The general’s car arrived on the dot of 4.15. As they stepped from the car, we stood at salute and at that very moment a revolver shot rang out. It seemed to come from behind one of Notre Dame’s Gargoyles. Within a split second a machine gun opened up from behind the Hotel de Ville. It sprayed the pavement at my feet. The generals entered the church with people pressing from behind to find shelter. Follow the link for archive film of this moment.
De Gaulle and his attendants within the cathedral began to march down the central aisle, but now gun fire opened up in the church itself.
Suddenly an automatic opened up from behind us – it came from behind the pipes of Notre Dame’s organ.

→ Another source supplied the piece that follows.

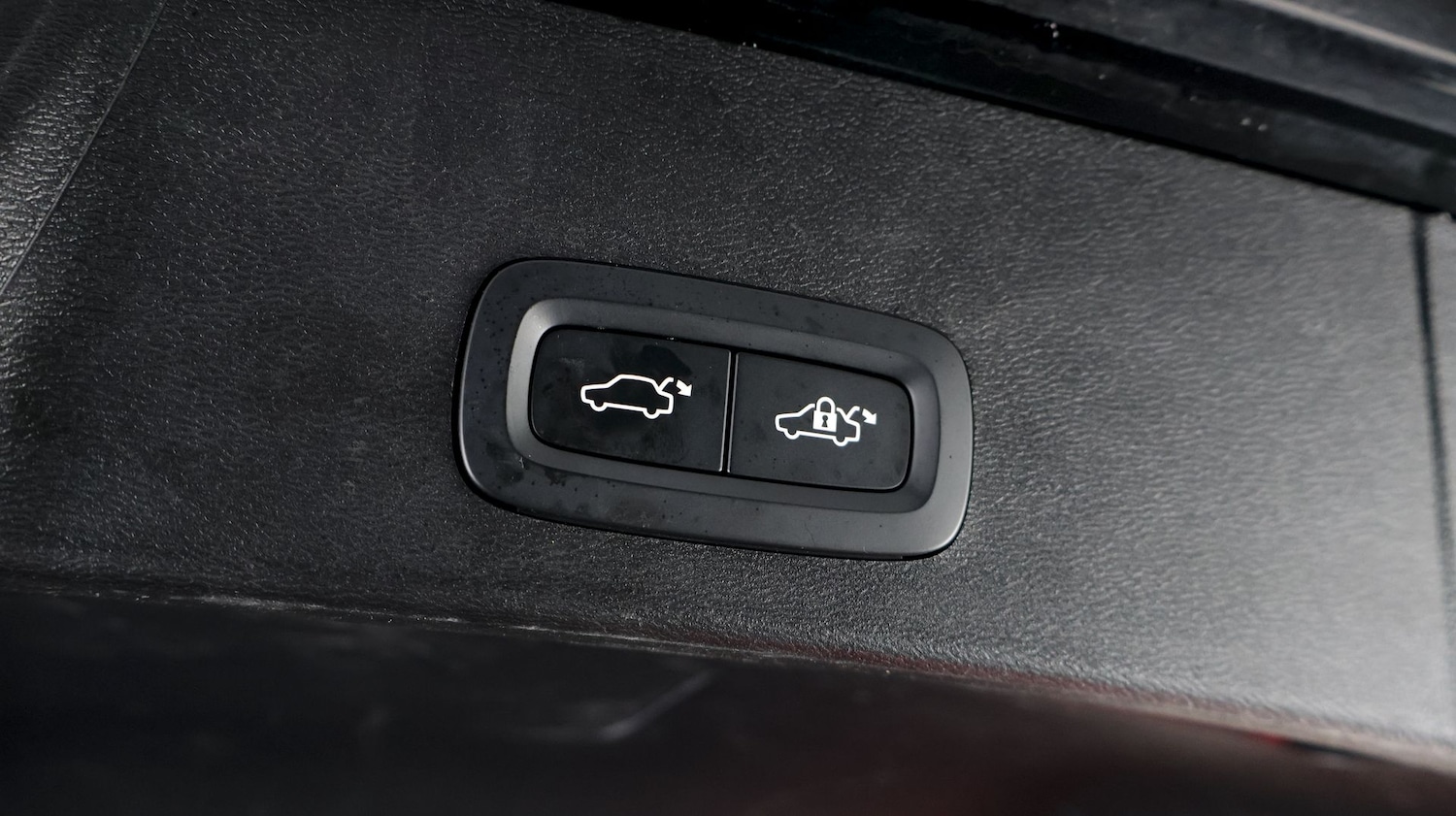 Used Volvo XC40 2023 for sale - 77595679: Photo 21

Other shots rang out and I saw a man ducking behind a pillar above. Beside me FFI [Forces Françaises de l'Intérieur] men and the police were shooting. For one flashing instant it seemed that a great massacre was about to take place as the cathedral reverberated with the sound of guns. There was a sudden blaze and a machine gun sprayed the center aisle, flecking the tiles and chipping the pillars to my left. Time seemed to have no meaning. Spontaneously, a crowd of widows and bereaved burst forth into the Te Deum as the generals stood bareheaded before the altar. (260)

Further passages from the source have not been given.